Data in this exercise below:
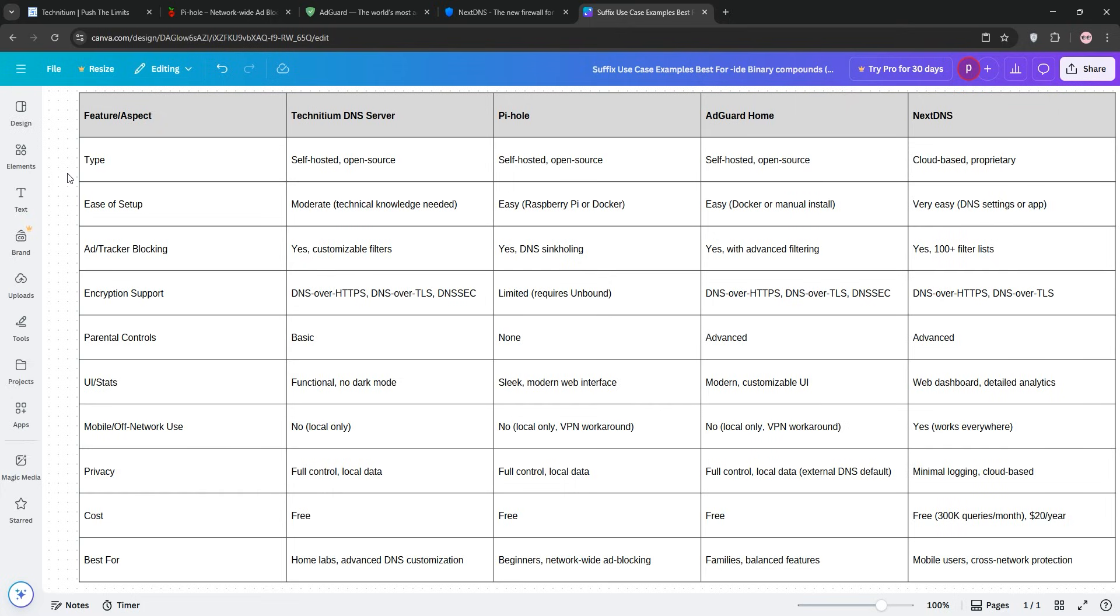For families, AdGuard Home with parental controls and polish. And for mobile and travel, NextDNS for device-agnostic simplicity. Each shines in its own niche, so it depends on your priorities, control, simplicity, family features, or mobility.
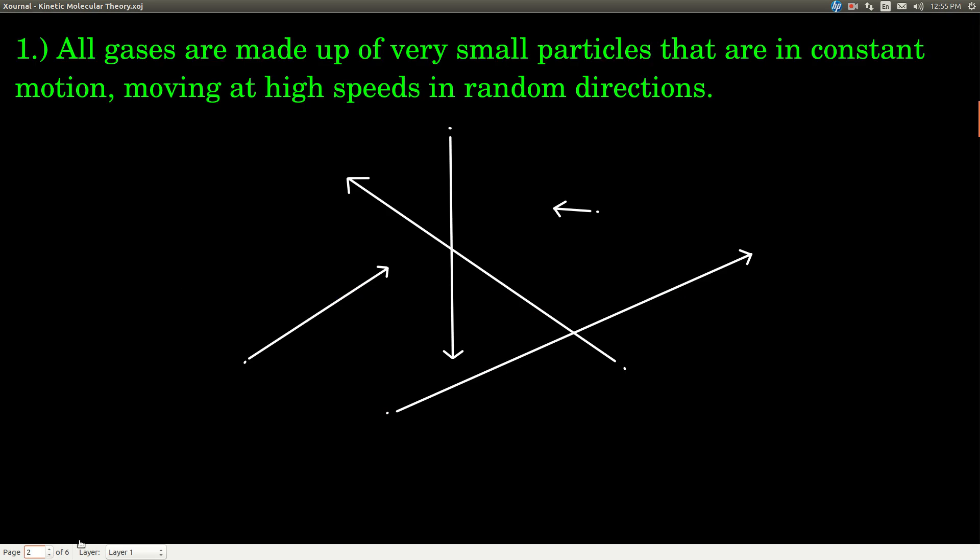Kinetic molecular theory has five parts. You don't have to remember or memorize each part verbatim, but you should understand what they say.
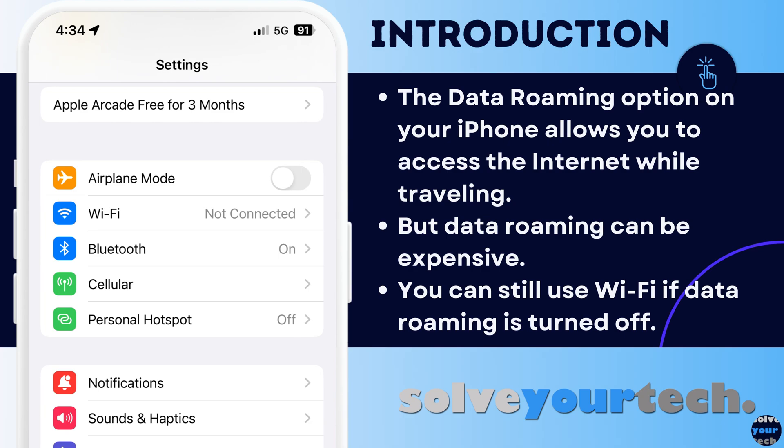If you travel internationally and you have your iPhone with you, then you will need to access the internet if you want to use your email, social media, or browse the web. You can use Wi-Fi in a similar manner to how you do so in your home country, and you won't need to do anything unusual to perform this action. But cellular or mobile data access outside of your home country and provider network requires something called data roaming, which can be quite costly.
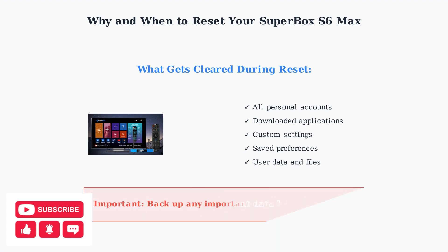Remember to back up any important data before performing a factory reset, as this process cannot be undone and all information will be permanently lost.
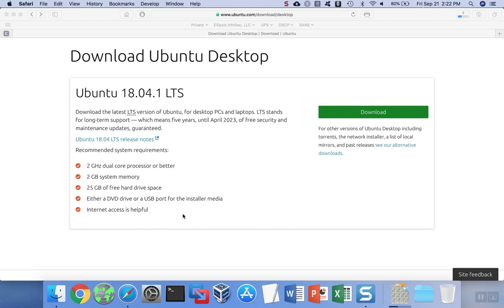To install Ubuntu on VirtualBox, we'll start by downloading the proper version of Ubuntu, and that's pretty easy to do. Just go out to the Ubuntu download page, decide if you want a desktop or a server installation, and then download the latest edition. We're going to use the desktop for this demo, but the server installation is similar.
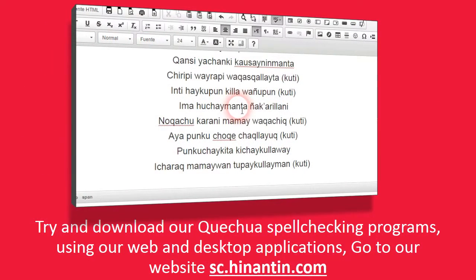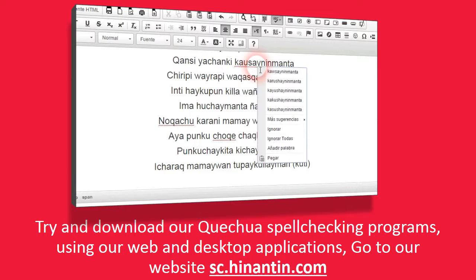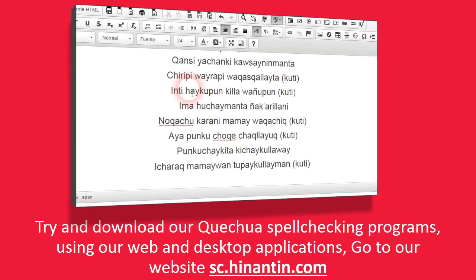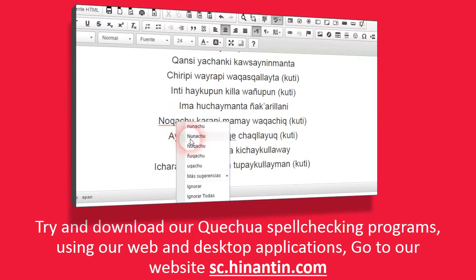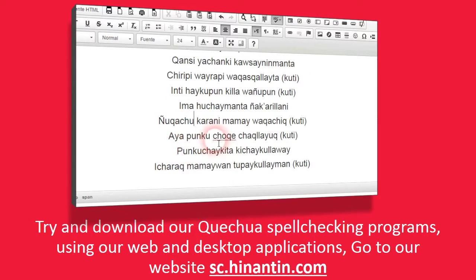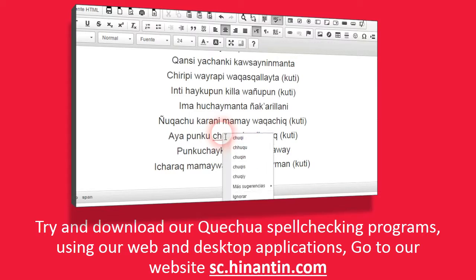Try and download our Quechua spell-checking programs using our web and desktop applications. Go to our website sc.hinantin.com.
End of Data in this exercise.
• **Exercise goal**: Begin at the line containing "To install Ubuntu" and transcribe exactly every line through the end of the records, both ends included, leaving the pictures out.

• **Your solution**:
To install Ubuntu on VirtualBox, we'll start by downloading the proper version of Ubuntu, and that's pretty easy to do. Just go out to the Ubuntu download page, decide if you want a desktop or a server installation, and then download the latest edition. We're going to use the desktop for this demo, but the server installation is similar.
Try and download our Quechua spell-checking programs using our web and desktop applications. Go to our website sc.hinantin.com.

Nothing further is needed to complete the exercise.